About the Royal Botanic Gardens, Kew Research Repository

The Royal Botanic Gardens, Kew Research Repository is an open access repository for the research produced by staff and research associates of RBG Kew.

Kew’s mission is to be the global resource for plant and fungal knowledge, building an understanding of the world’s plants and fungi upon which all our lives depend. We use the power of our science and the rich diversity of our gardens and collections to provide knowledge, inspiration and understanding of why plants and fungi matter to everyone.

We will only achieve this mission if we are able to share our research outputs with scientists, students, policymakers, governments and anyone else interested in our work. The outputs contained in this research repository encompass the work of around 350 science-based staff and around 200 honorary researchers and postgraduate students. This repository, for the first time, makes their research outputs discoverable and accessible for everybody.

Repository aims

The aims of the repository are to:

     1. Provide a reliable source of information about research undertaken by Kew staff, individually or in collaboration with other research organisations

     2. Provide a single point of open access to our full-text research outputs wherever possible

     3. Make our research easier to find, and enhance the contribution we make to UK and international research

     4. Respond to the open access expectations of our research funders.

Material not produced by or in association with Kew staff is not eligible for inclusion.

Content in the repository

The repository currently houses material such as journal articles, conference papers, books and book chapters, reports, datasets and images. Where the full item cannot be added, metadata about the research output is provided together with a link to the full item where possible.

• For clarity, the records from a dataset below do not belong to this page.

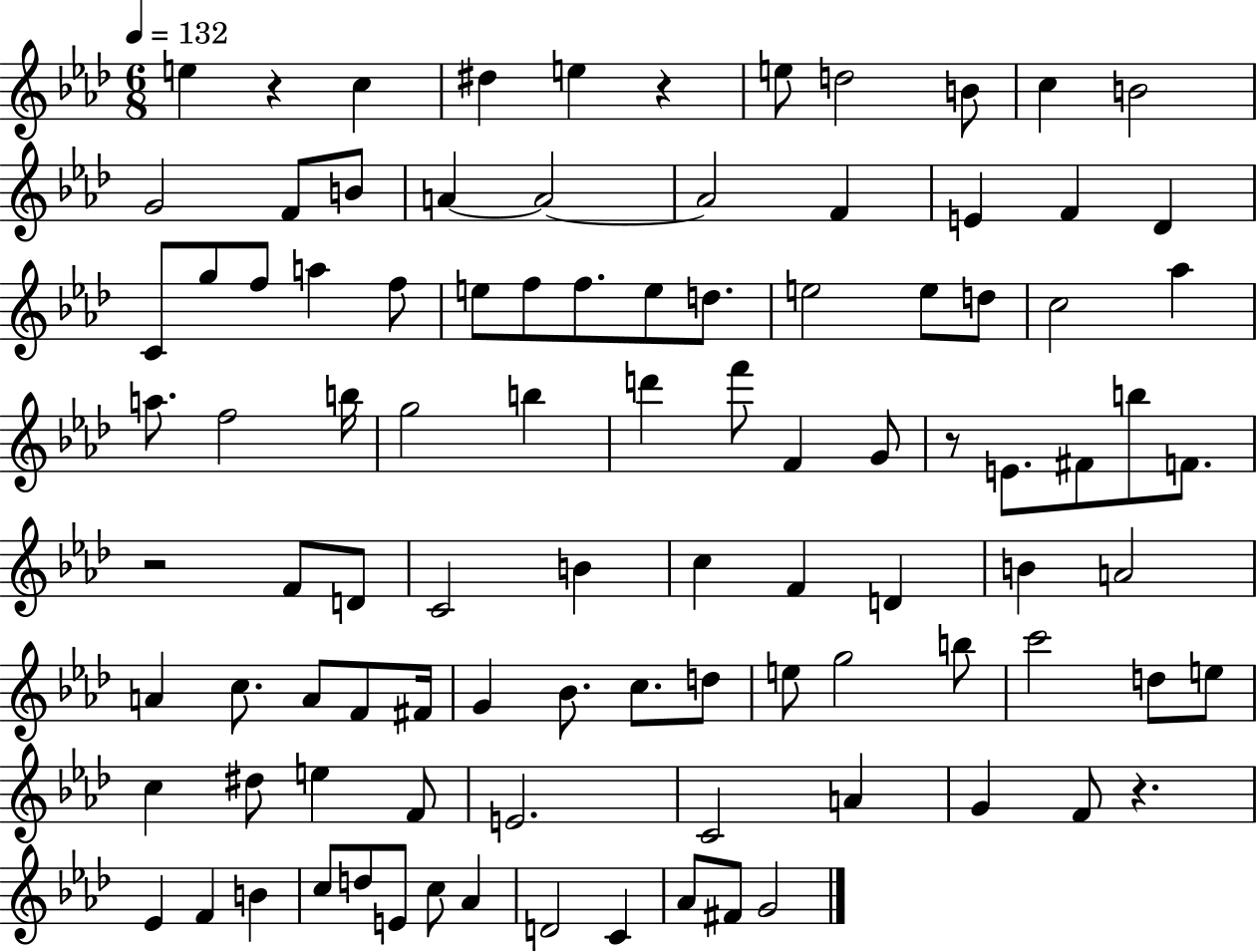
{
  \clef treble
  \numericTimeSignature
  \time 6/8
  \key aes \major
  \tempo 4 = 132
  e''4 r4 c''4 | dis''4 e''4 r4 | e''8 d''2 b'8 | c''4 b'2 | \break g'2 f'8 b'8 | a'4~~ a'2~~ | a'2 f'4 | e'4 f'4 des'4 | \break c'8 g''8 f''8 a''4 f''8 | e''8 f''8 f''8. e''8 d''8. | e''2 e''8 d''8 | c''2 aes''4 | \break a''8. f''2 b''16 | g''2 b''4 | d'''4 f'''8 f'4 g'8 | r8 e'8. fis'8 b''8 f'8. | \break r2 f'8 d'8 | c'2 b'4 | c''4 f'4 d'4 | b'4 a'2 | \break a'4 c''8. a'8 f'8 fis'16 | g'4 bes'8. c''8. d''8 | e''8 g''2 b''8 | c'''2 d''8 e''8 | \break c''4 dis''8 e''4 f'8 | e'2. | c'2 a'4 | g'4 f'8 r4. | \break ees'4 f'4 b'4 | c''8 d''8 e'8 c''8 aes'4 | d'2 c'4 | aes'8 fis'8 g'2 | \break \bar "|."
}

Currently, this is a pilot repository. Therefore, not all of Kew’s research outputs are available. All peer-reviewed papers from January 2019 are currently held, along with some examples of datasets, maps, books and reports.

We hope that by April 2020 further outputs will be added, creating a complete repository for Kew’s contemporary research.

Shared repository service

The repository is part of a Shared Research Repository pilot service, encompassing the research outputs of a small number of UK cultural and heritage institutions: the British Library, British Museum, National Museums Scotland, MOLA (Museum of London Archaeology) and Royal Botanic Gardens, Kew. Our separate repositories can be visited each in turn or explored together via a single search through the collaborative Shared Repository page. The British Library manages the shared repository service. In the current beta phase, we welcome your feedback as we explore options to move to a full shared repository service.

The other repositories can be found here:

British Library research repository

British Museum research repository

MOLA research repository

National Museums Scotland research repository

Software

The repository is built using Samvera Hyku, a rapidly developing open source repository software in which multitenancy is a key feature. The British Library’s shared repository pilot project is an early adopter of the Hyku platform and the Library looks forward to sharing its experience around scalability, multi-tenancy and user experience.